Les premiers systèmes de Tomlinson (1820) aux États-Unis ou d'Andraud (1830) en France furent des échecs, car l'air comprimé circulait dans une conduite le long de la voie et la locomotive devait être équipée pour le prélever en continu (par un dispositif analogue aux catapultes des porte-avions) ce qui occasionnait des fuites et un mauvais rendement.
Un nouveau système conçu par Andraud et Tessier de Motay, à Paris, en 1840, où la locomotive était équipée d'un réservoir que l'on remplissait en certains points du réseau, prouva la faisabilité du système[2],[3].
Les premières applications pratiques de véhicules à moteur à air comprimé sur rail, datent du percement de tunnels ferroviaires (1872) notamment celui du Saint-Gothard en Suisse et de quelques expérimentations de tramways.

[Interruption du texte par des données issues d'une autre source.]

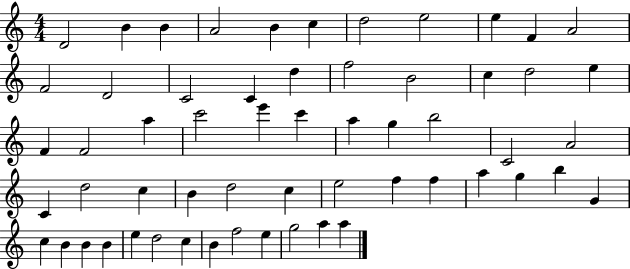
X:1
T:Untitled
M:4/4
L:1/4
K:C
D2 B B A2 B c d2 e2 e F A2 F2 D2 C2 C d f2 B2 c d2 e F F2 a c'2 e' c' a g b2 C2 A2 C d2 c B d2 c e2 f f a g b G c B B B e d2 c B f2 e g2 a a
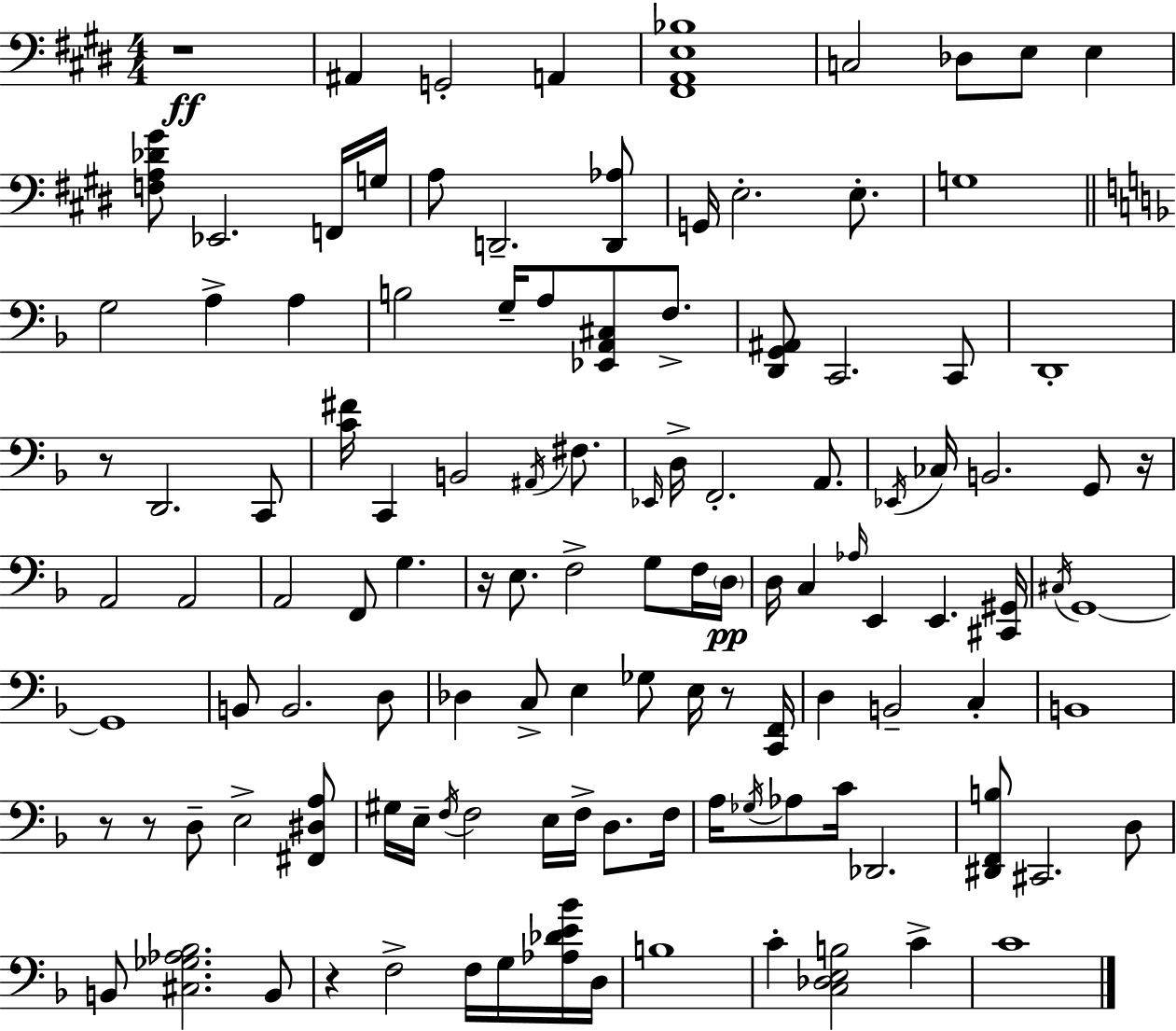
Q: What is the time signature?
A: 4/4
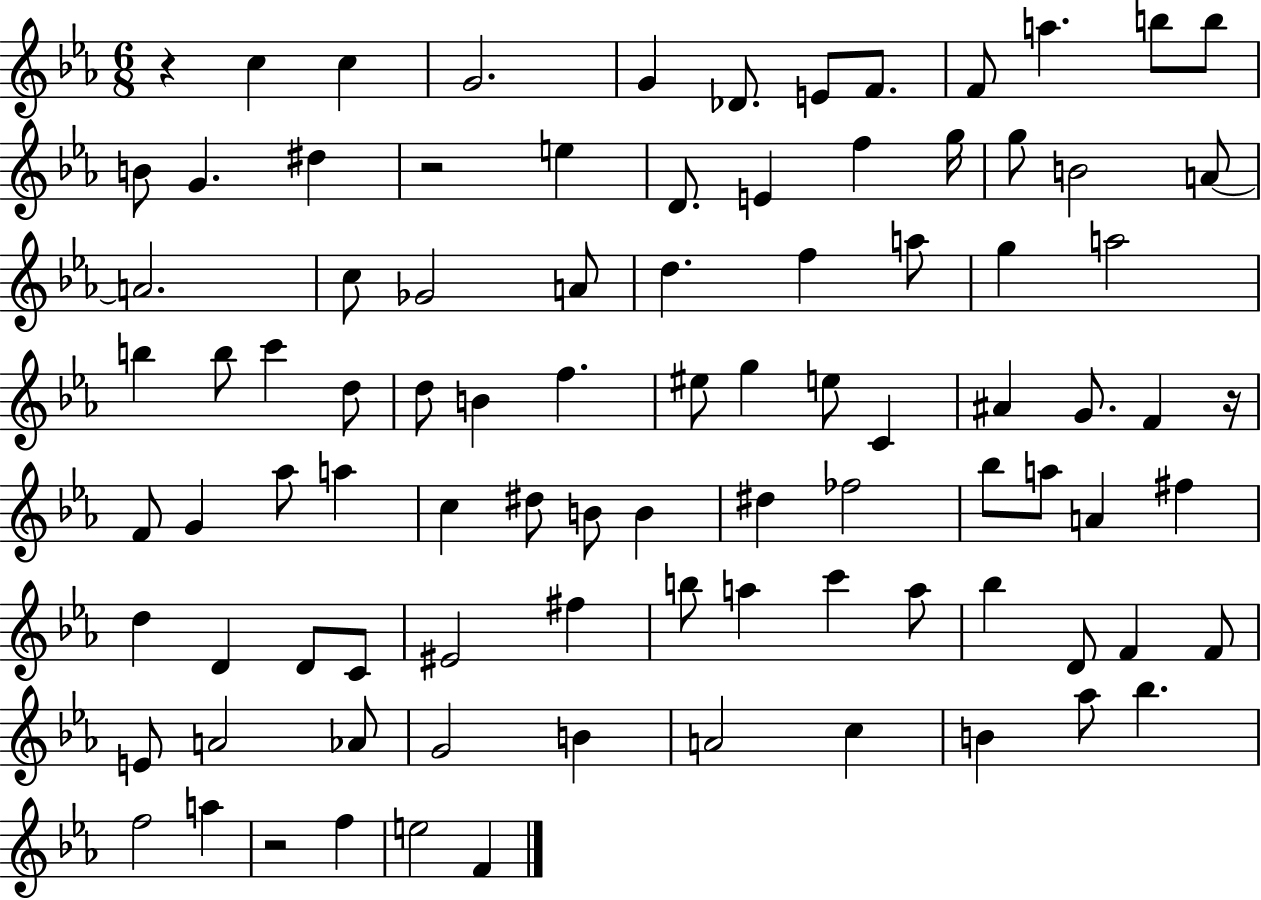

Malheureusement, le refroidissement du cylindre moteur par la détente de l'air comprimé transformait l'humidité de l'air moteur en cristaux de glace qui occasionnaient des blocages.
C'est l'ingénieur Louis Mékarski qui perfectionna le système, en associant l'air comprimé et l'eau surchauffée sous pression, et le rendit tout à fait opérationnel en vue d'équiper des réseaux de tramways. Il fut d'abord testé dans les tramways parisiens de 1876 à 1879 sur le réseau des Tramways-Nord[4].
Puis il fut utilisé sur plusieurs lignes du réseau d’Île-de-France : Chemins de fer nogentais, Tramway de Sèvres à Versailles, Compagnie des tramways de Saint-Maur-des-Fossés et sur le réseau parisien de la Compagnie Générale des Omnibus[5] de 1894 à 1914.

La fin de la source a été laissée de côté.